_Task goal_. Omit every picture while you reproduce the entries that follow word for word.

[Stored records]
..............................

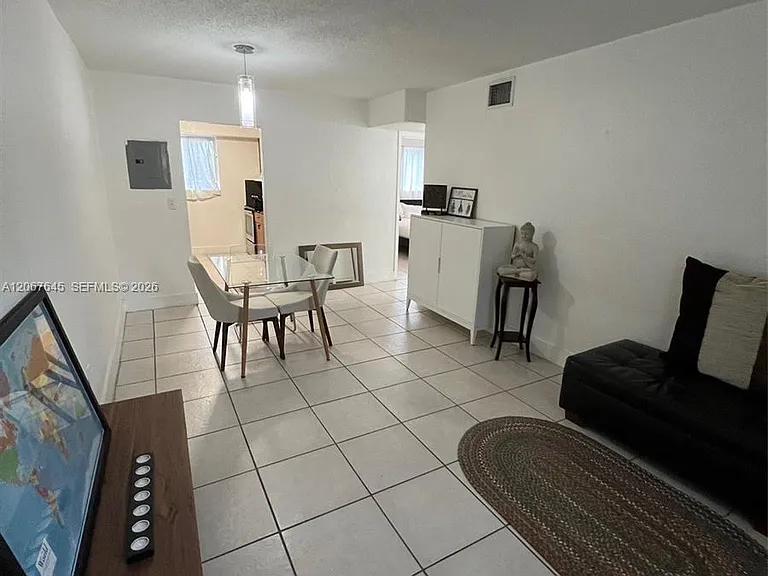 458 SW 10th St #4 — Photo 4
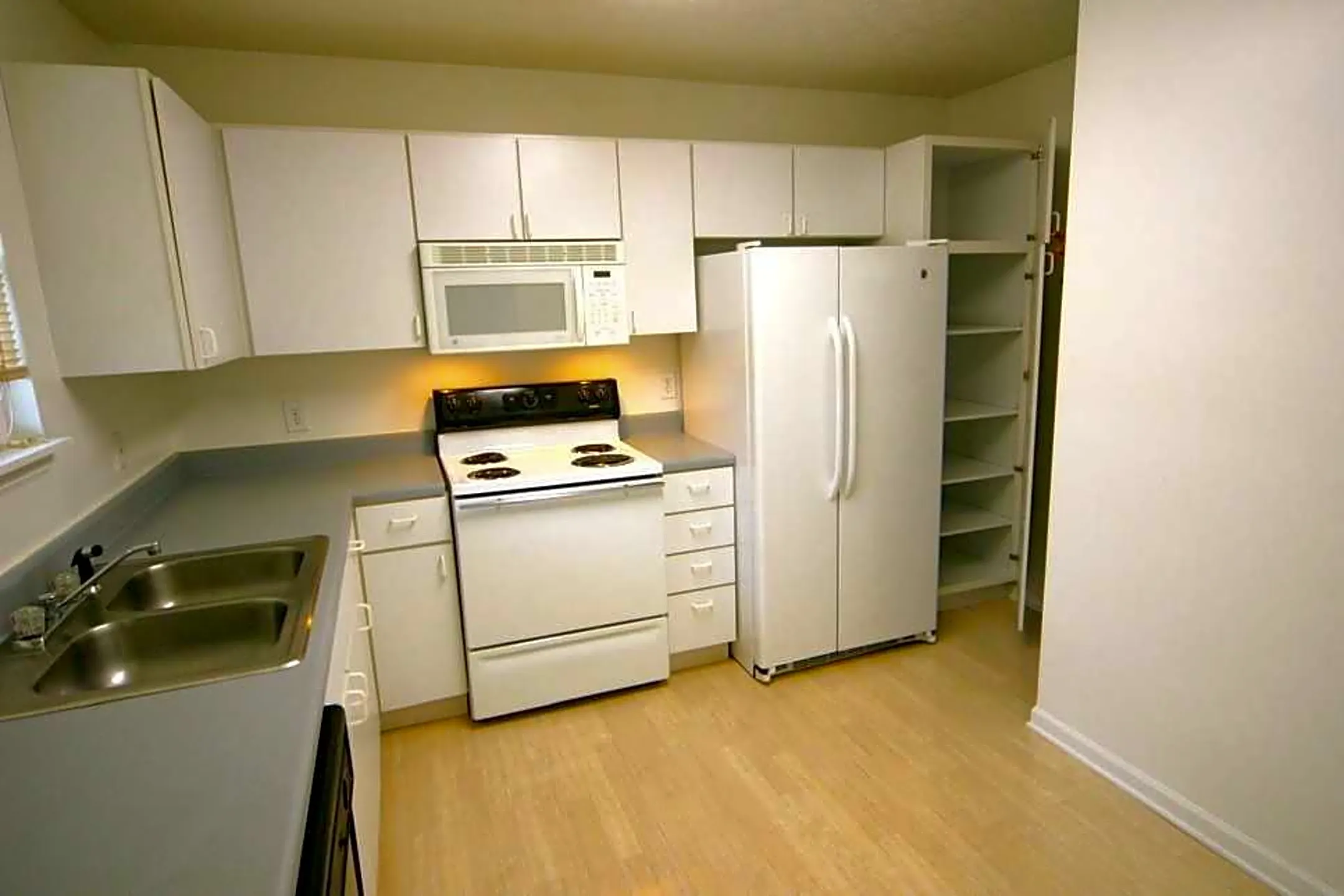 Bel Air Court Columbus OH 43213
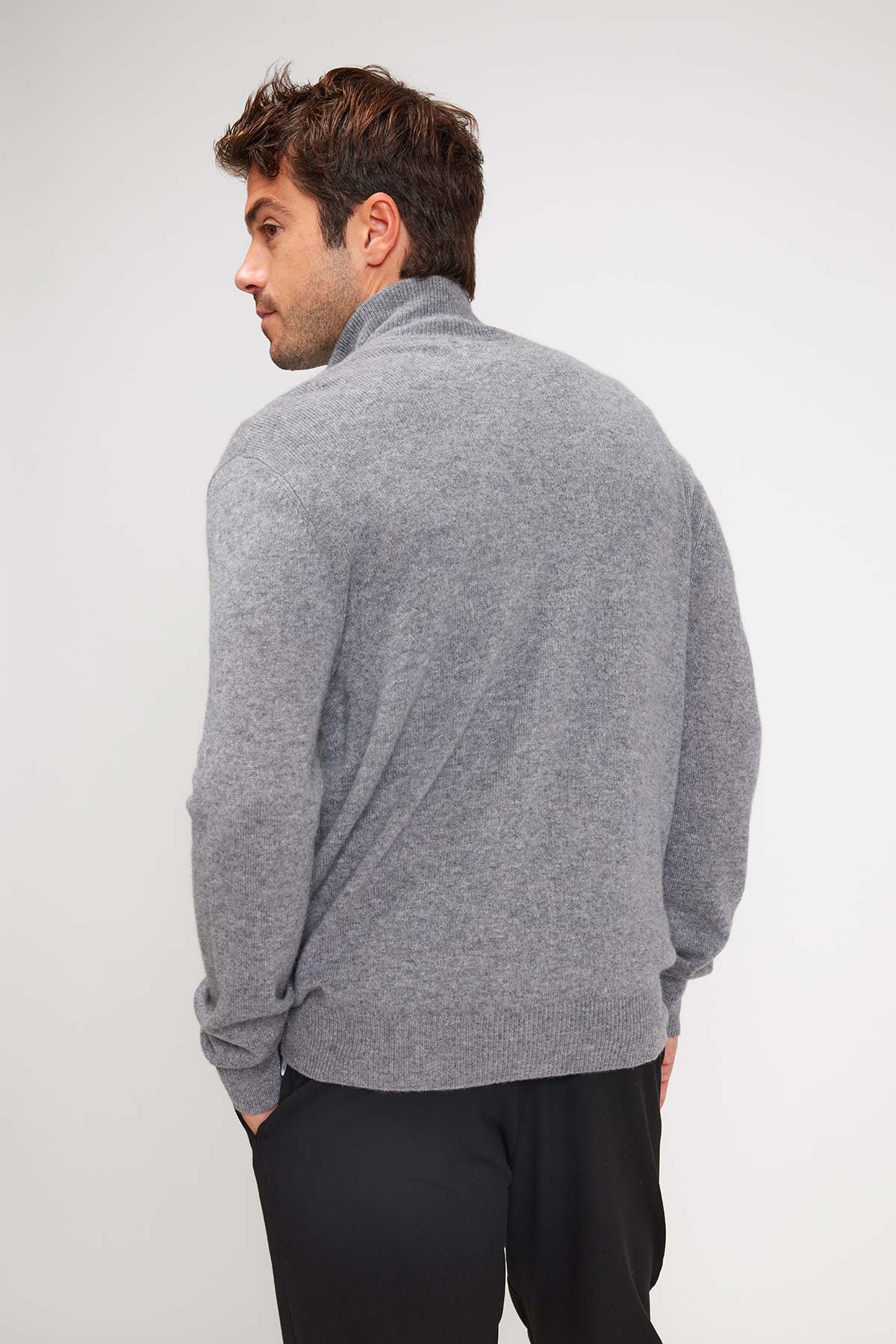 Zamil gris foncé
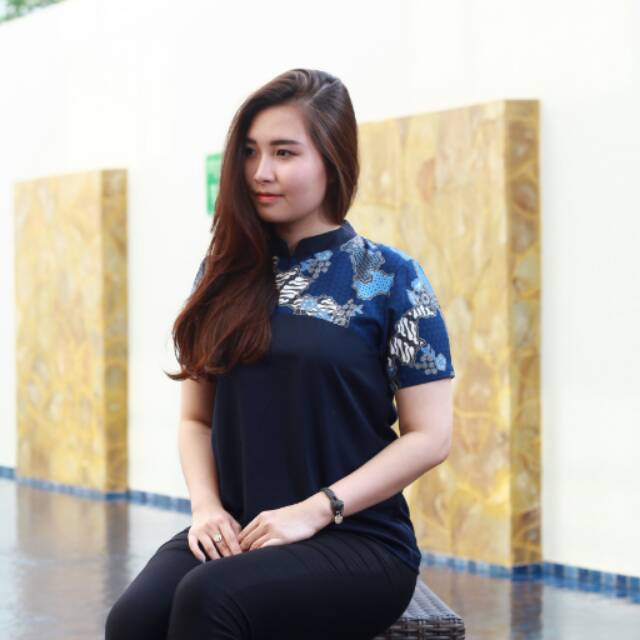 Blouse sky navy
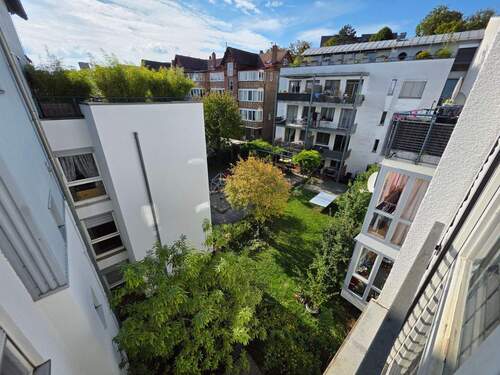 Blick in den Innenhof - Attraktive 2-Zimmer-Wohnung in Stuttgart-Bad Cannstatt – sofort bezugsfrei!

..............................

_Solution to this exercise_.
 458 SW 10th St #4 — Photo 4
 Bel Air Court Columbus OH 43213
 Zamil gris foncé
 Blouse sky navy
 Blick in den Innenhof - Attraktive 2-Zimmer-Wohnung in Stuttgart-Bad Cannstatt – sofort bezugsfrei!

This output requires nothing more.